ANXIETY IN PREGNANCY

Feeling anxious about your baby's health, the birth and your ability as a parent are all perfectly natural. If these feelings begin to get in the way of your happiness however, it may be time to take action.

Common symptoms of anxiety :

Feeling on-edge all the time - it is natural to feel anxious occasionally throughout your pregnancy, but if you are starting to feel anxious constantly, or about non-specific things, it may be worth seeking help.

Anxiety/panic attacks - in some cases, these feelings become overwhelming for both the body and mind, resulting in a panic attack.

Avoiding people/situations - sometimes the very thought of being near to a person or place that instills feelings of anxiety means you avoid them at all costs. This can have a negative impact on your life.
Difficulty concentrating - you may find yourself struggling to focus on one task at a time or you may become easily distracted.



Anxiety, stress and depression often go hand in hand, with one leading to another if not treated. For your best chance of avoiding this it is advised that you seek professional help from a qualified professional such as your GP or a counsellor.

ANXIETY IN PREGNANCY
Anxiety towards the birth

If you are pregnant with your first child it is normal to have some anxiety about the birth. It is something you will have never experienced before and understandably you will be unsure of what to expect. Even if you have had children before, worrying about things going wrong in the delivery room is still common. This could be due to previous experiences, friends’ experiences or reading about long, painful births in the media. Whatever your reasons may be, for some the thought of giving birth becomes almost a phobia.

To manage with this type of anxiety it is recommended that you arm yourself with information. Speak to a medical professional with experience, they will be able to tell you about possible complications, how likely it is that they will happen and exactly what the midwife/doctors will do in that situation.

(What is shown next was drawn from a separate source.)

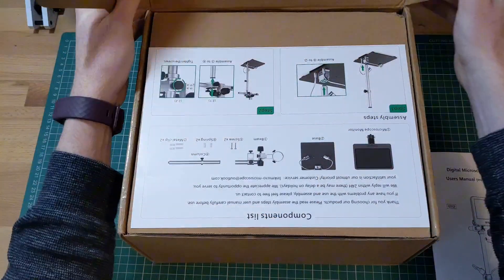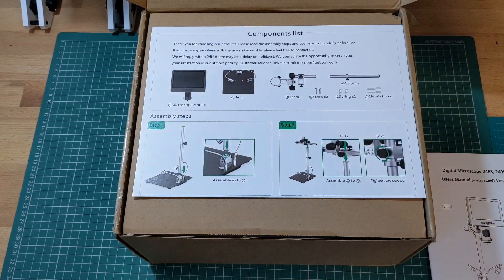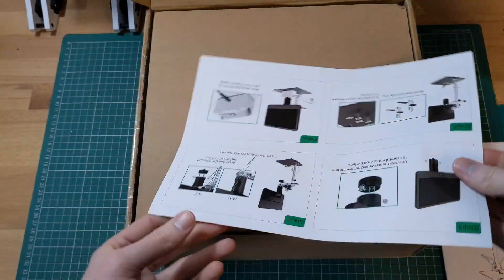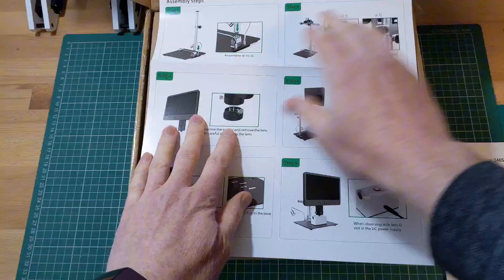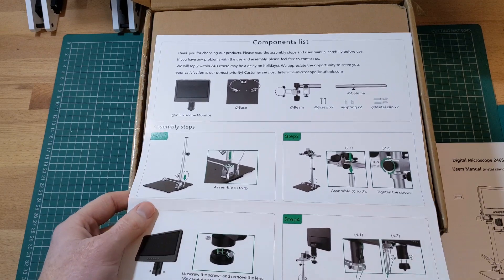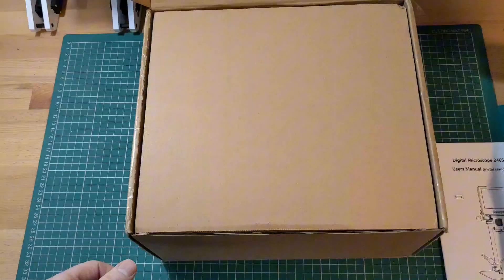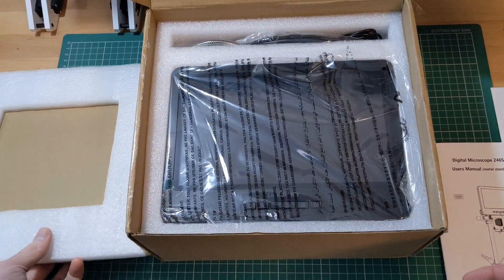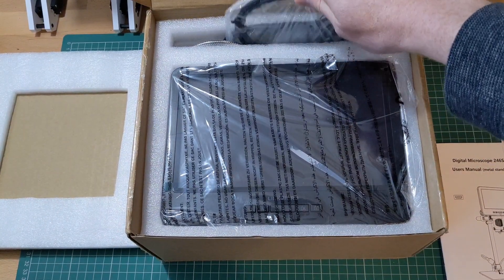The microscope comes in strong packaging, with assembly instructions included in English that are clear and simple to follow. The microscope itself comes well packaged in a sturdy cardboard box with foam and cardboard inserts for protection. The microscope and accessories are well protected and easy to remove from the box.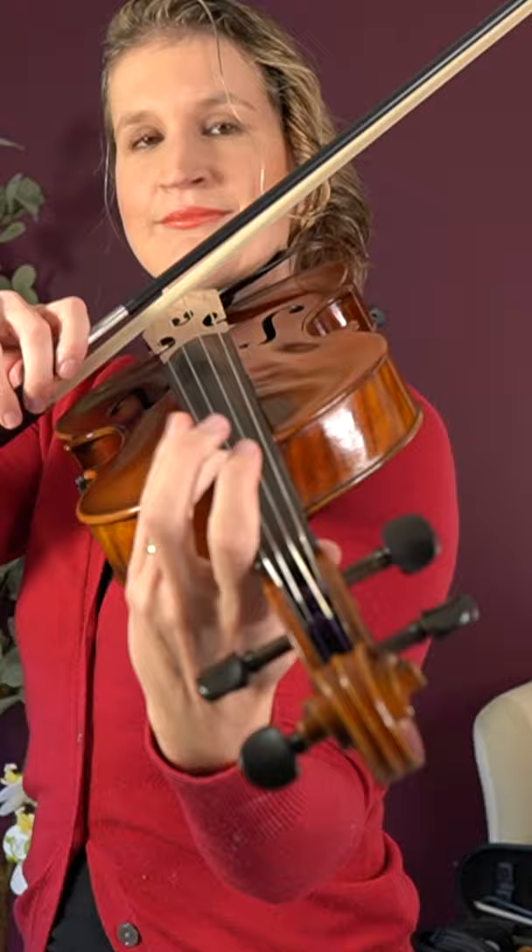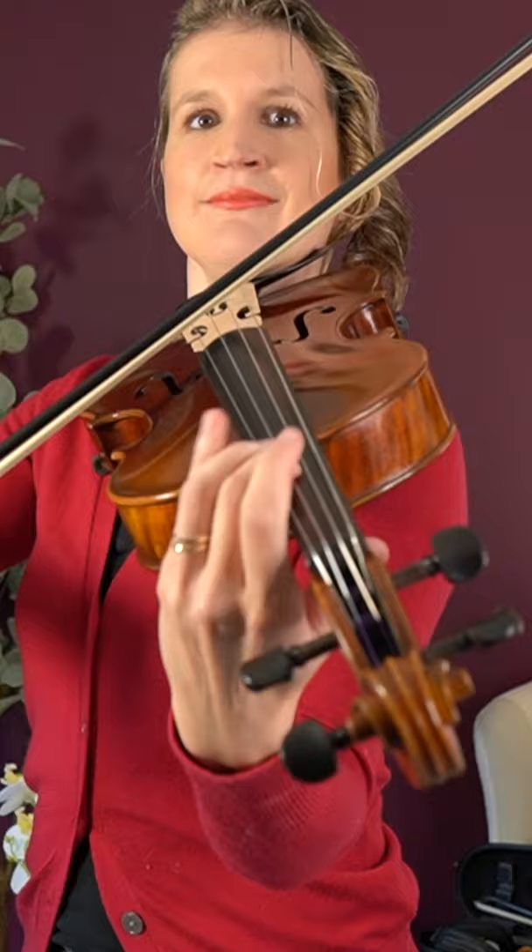The playing technique is slightly different, as you have to use more weight in your bow to get the thicker viola strings to sound. Comment below if you're team violin or team viola, or both.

Reading up about the labour and listening to other peoples' experiences should also help to give you a good idea of what to expect. The important thing to remember is that every birth is different and just because your friend/cousin/sister had a difficult labour, it doesn’t mean you will too.

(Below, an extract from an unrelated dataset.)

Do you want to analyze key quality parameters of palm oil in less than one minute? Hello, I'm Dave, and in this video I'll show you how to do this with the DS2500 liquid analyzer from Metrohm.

Try to learn some relaxation techniques such as deep breathing to control your anxiety. Reaching out about your fears before your due date will give you time to trace your concerns, gain information and develop a coping strategy before the birth. The sooner you speak out about your fears, the more time you will have to do this, so don't be afraid to voice your concerns to your GP, counsellor or support group.

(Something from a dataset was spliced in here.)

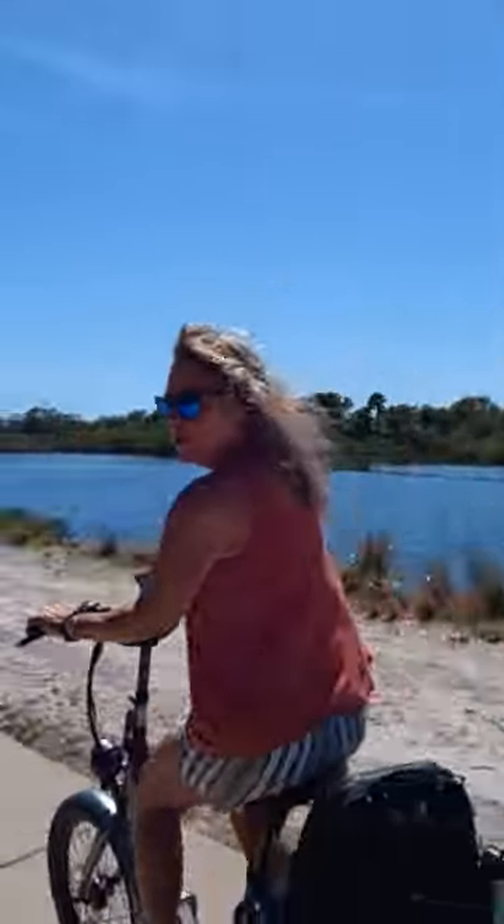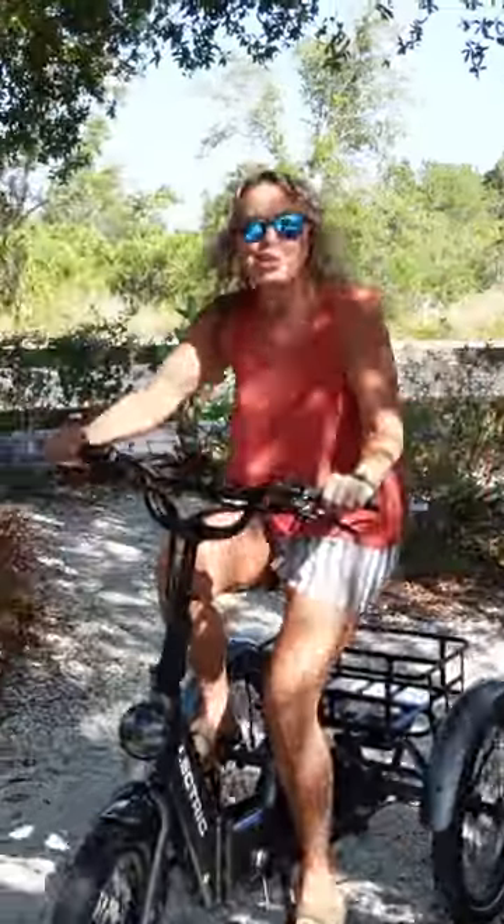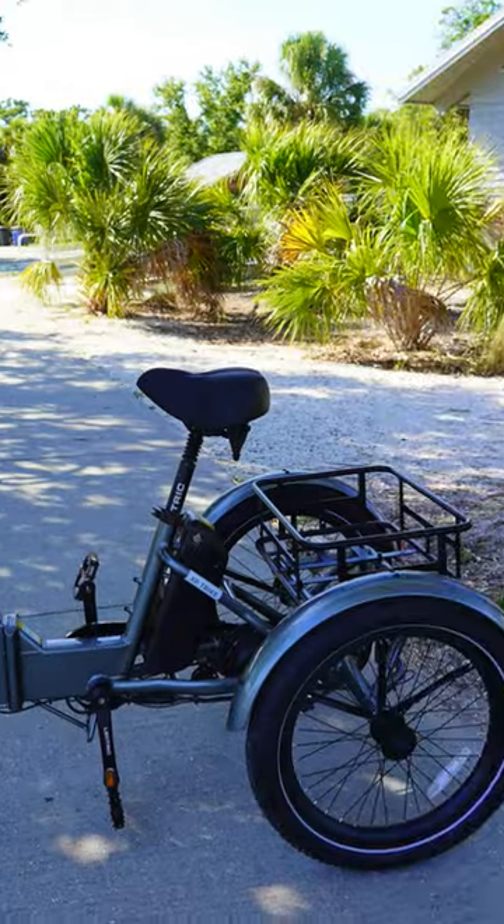Cherie's first ride here. I want to go fast. You ready? Stable, chill, and super fun. Looks good too.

Tips to manage with  anxiety during pregnancy

If you are experiencing symptoms of depression and/or anxiety during your pregnancy it is recommended that you seek professional help from your local healthcare provider. The following tips should also help you to cope with symptoms of depression and anxiety.

Exercise - when you have the all clear from your doctor, participating in light exercise such as antenatal yoga will increase your energy levels and boost production of 'feel-good' dopamine hormones.
Communicate with your place of work - working throughout pregnancy can increase stress levels, so be sure to keep an open dialogue with your boss regarding your pregnancy. Be sure to inform them that you may have to take a lighter workload and that you may need to cut down your hours.
Nap when you can - if you are struggling to sleep at night it can be helpful to take 20 minute cat-naps throughout the day to revive you.

Take care of yourself - this is the time to put yourself and your health first. Treat yourself to long baths, massages and nutritious food.

Get support wherever you can - this may come from your partner, friends, family, counsellor or support group. Ask for help when you are struggling - nursery decorating parties can be a fun way to make a time consuming job less stressful.

Be Happy in Pregnancy 


Take notes - if you are suffering from 'pregnancy brain' it can be hard to keep track of things like appointments, errands and birthdays. To help you keep on top of things, try keeping a notepad with you at all times and jot down important dates and things to remember.

Practice saying no - pregnancy is often a time when you come face to face with your physical and mental limitations. Even if you are known as the ever-helpful friend who says yes to everything, now is the time to start saying no and prioritise yourself over others.

Learn relaxation techniques - this can simply be a case of breathing deeply when you feel anxious or taking it one step further with yoga or meditation. Find something you can incorporate into your daily life to help reduce stress levels.


How can a counsellor help with  anxiety during pregnancy?

If you feel you are suffering from antenatal depression or anxiety it is essential that you seek help. As tempting as it may be to bury your head in the sand and ignore these feelings, dealing with them now will save you a lot of time, energy and heartache later. It also means you will experience a happier, more relaxed pregnancy which can only benefit your child.




A qualified counsellor can provide space for you to vent your concerns or frustrations in a safe, non-judgmental environment. They will also be able to talk you through your feelings so you better understand why they are occurring, as well as offering coping mechanisms and relaxation techniques.